DATA SUPPLIED Block Start

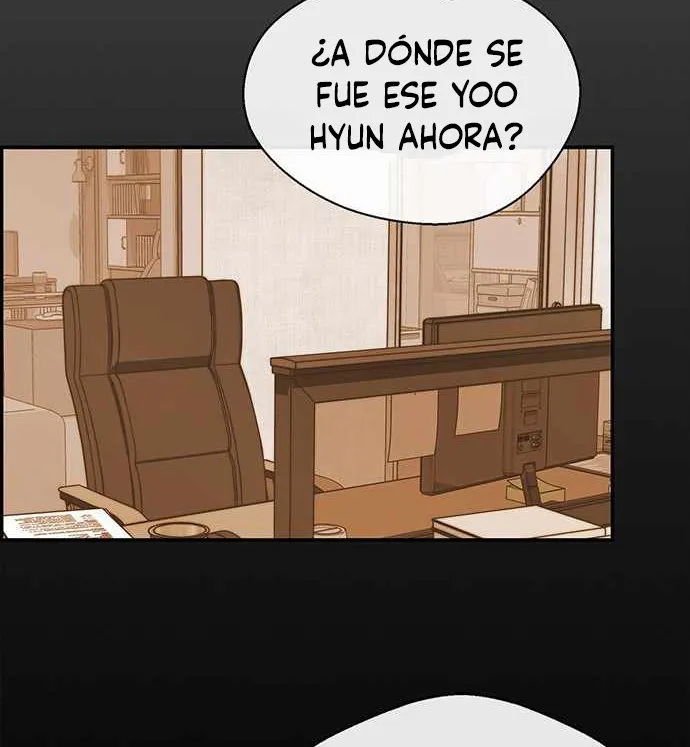 Real Man Capítulo 54 en Línea - página 94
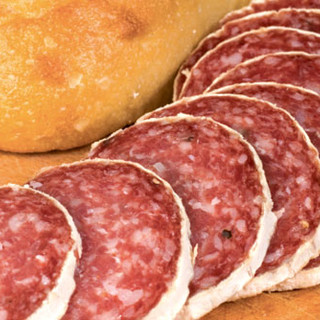 Salumi Coop ritirati, Medini (Labcam srl): “Episodi che fanno riflettere: necessario tenere alta la guardia attraverso specifici controlli di laboratorio” Salumi Coop ritirati, Medini (Labcam srl): “Episodi che fanno riflettere: necessario tenere alta la guardia attraverso specifici controlli di laboratorio”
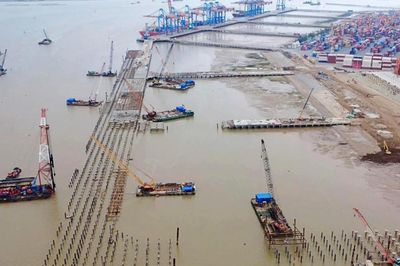 Tập trung giải quyết dứt điểm dứt điểm các dự án tồn đọng, chống lãng phí nguồn lực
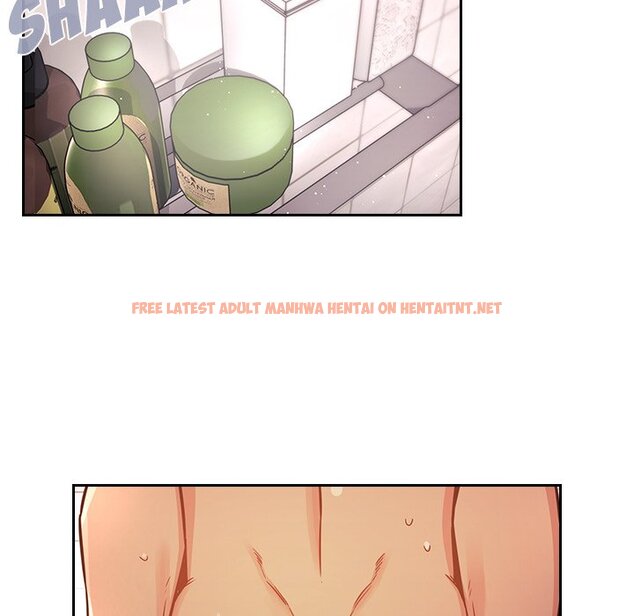 Read Hentai Image 119 775 in comic Collapse And Rewind - Chapter 54 - hentaitnt.net
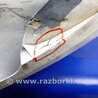 ФОТО Бампер задний для Acura RDX TB 1/2 (07.2006-2012) Киев
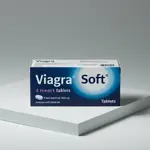 Ordina Viagra Soft Online Prezzo Conveniente thumbnail 1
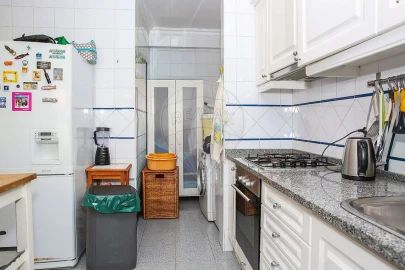 Moradia T3 para Venda em Arruda dos Vinhos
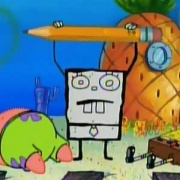 180px-DoodleBob.Pencil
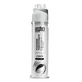 HiSkin Smile More, dentifrice revitalisant l'émail, charbon et menthe douce, 100 ml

DATA SUPPLIED Block End

(TASK GOAL)
An exact copy of the data above is required, printed without its pictures.

(SOLUTION FOR THIS PROBLEM)
 Real Man Capítulo 54 en Línea - página 94
 Salumi Coop ritirati, Medini (Labcam srl): “Episodi che fanno riflettere: necessario tenere alta la guardia attraverso specifici controlli di laboratorio” Salumi Coop ritirati, Medini (Labcam srl): “Episodi che fanno riflettere: necessario tenere alta la guardia attraverso specifici controlli di laboratorio”
 Tập trung giải quyết dứt điểm dứt điểm các dự án tồn đọng, chống lãng phí nguồn lực
 Read Hentai Image 119 775 in comic Collapse And Rewind - Chapter 54 - hentaitnt.net
 ФОТО Бампер задний для Acura RDX TB 1/2 (07.2006-2012) Киев
 Ordina Viagra Soft Online Prezzo Conveniente thumbnail 1
 Moradia T3 para Venda em Arruda dos Vinhos
 180px-DoodleBob.Pencil
 HiSkin Smile More, dentifrice revitalisant l'émail, charbon et menthe douce, 100 ml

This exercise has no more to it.